At least according to this Rocky Mountain News article. About 70% of NBA players are against moving the minimum age to 20. 10% are undecided, and 20% are in favor. I don't think a straight limit is the way to go, though. Having Lebron in college would be pretty farcical. My solution? Glad you asked.

I think the correct idea is to let anyone 18+ enter the draft but to only allow them to be drafted by a certain point. If you're 18 you have to go in the top 5. If you're 19 you have to go in the lottery. If you're 20 you have to be a first rounder. Past that it's open season. This would require the NCAA to alter its eligibility rules a little bit, but they already allow high schoolers who are passsed over in the draft to retain eligibility, so it wouldn't be a huge philosophical leap.

Another thing I think would help would be revamping the draft status to something similar to what hockey has. Almost every forward on Michigan's hockey team has been drafted by the NHL but since they haven't employed agents or signed contracts, they retain their eligiblity. If you're drafted by the NBA you can't play college basketball any more, even if you didn't retain an agent. The NCAA used to justify this by claiming that hockey players were automatically entered in the draft when they hit a certain age and weren't opting in.
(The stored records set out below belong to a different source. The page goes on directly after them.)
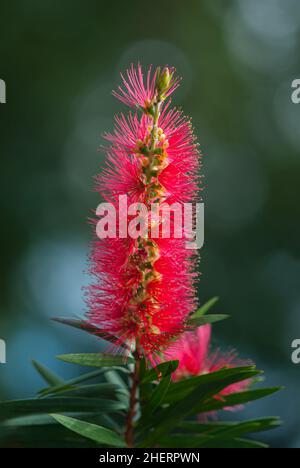 Rote Callistemon-Blüten im tropischen Garten von Bali, Indonesien. Callistemon Bottelbrush Baum Blumen. Callistemon exotische Pflanze Stockfoto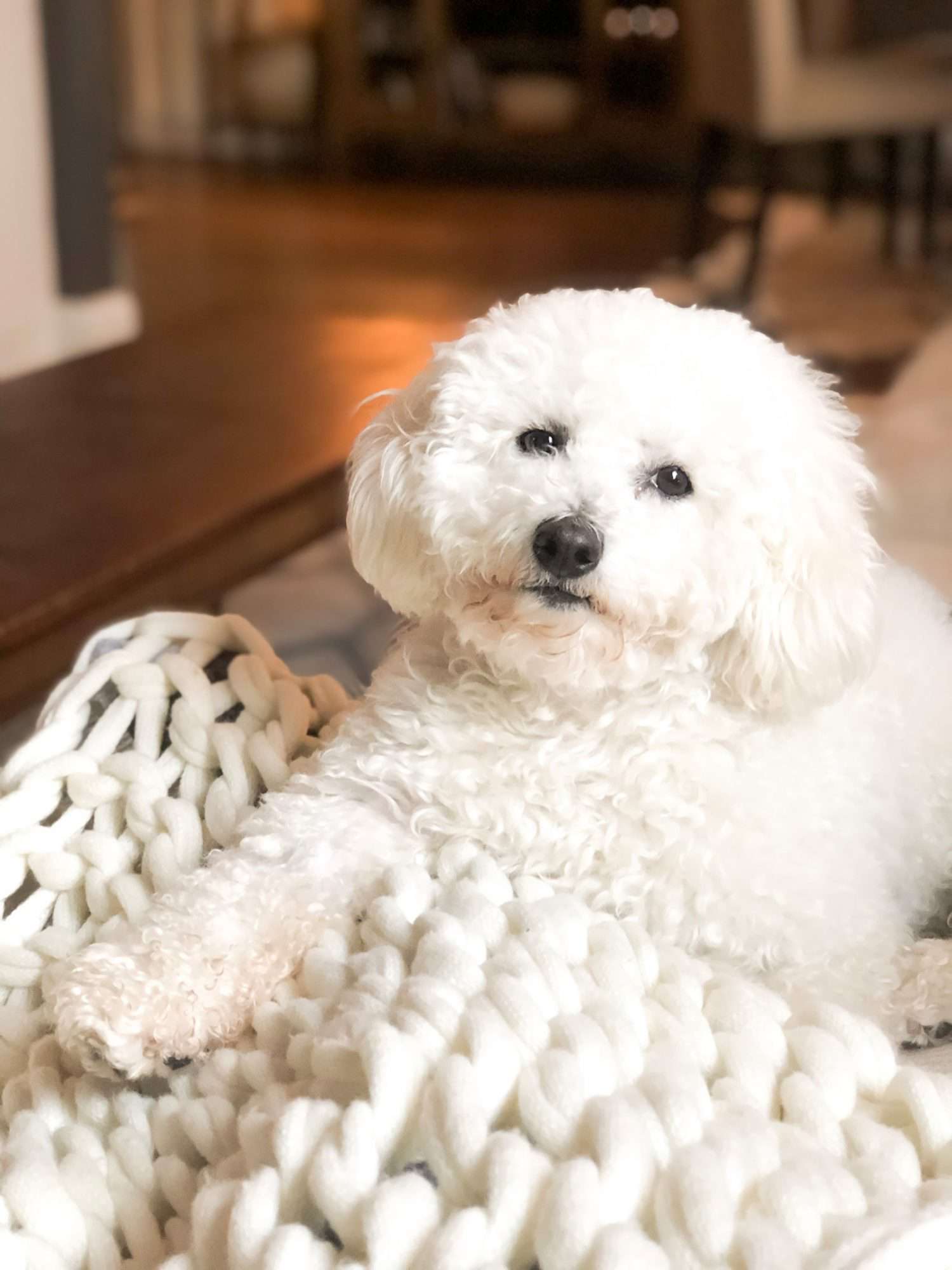 Finn lying on a white braided blanket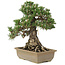 Pinus thunbergii, 28,5 cm, ± 25 ans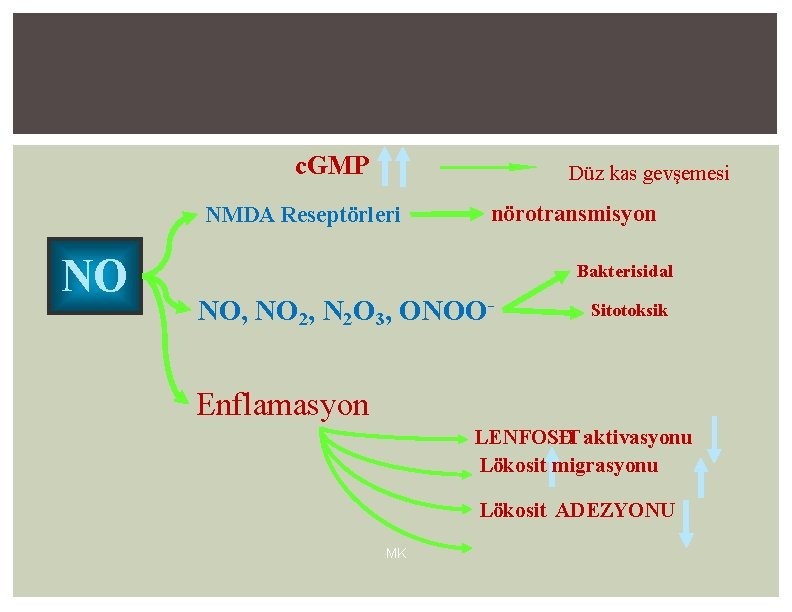 c. GMP Düz kas gevşemesi NMDA Reseptörleri NO nörotransmisyon Bakterisidal NO, NO 2, N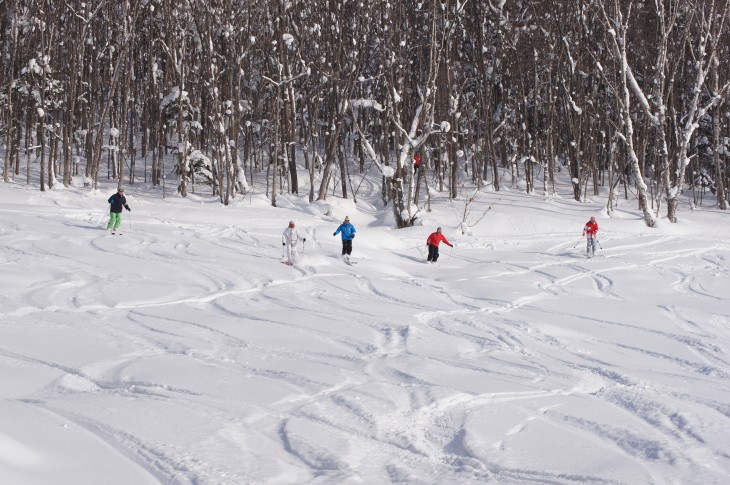 カムイスキーリンクス Soul Powder Ride in KAMUI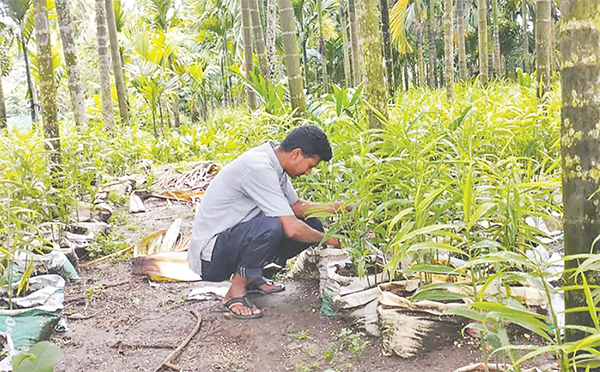 বস্তায় আদা চাষ করে লাভের আশা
This caused most NCAA hockey players to be drafted a year later than their CHL and European counterparts. Recently, however the NCAA allowed college players to opt-in early and retain their eligibility, so the NCAA's rationale for not applying a similar scheme to basketball has disappeared.

Though the NBA players seem opposed to it, since it doesn't really affect anyone already in the league, if the owners dangle a carrot, any carrot, in front of the players in exchange for some age concession, look for them to abandon their principles faster than Bill Self at a Luther Head court hearing.

None of this helps the Pistons with Darko, but they're NBA Champions, so shut up, Bill Simmons.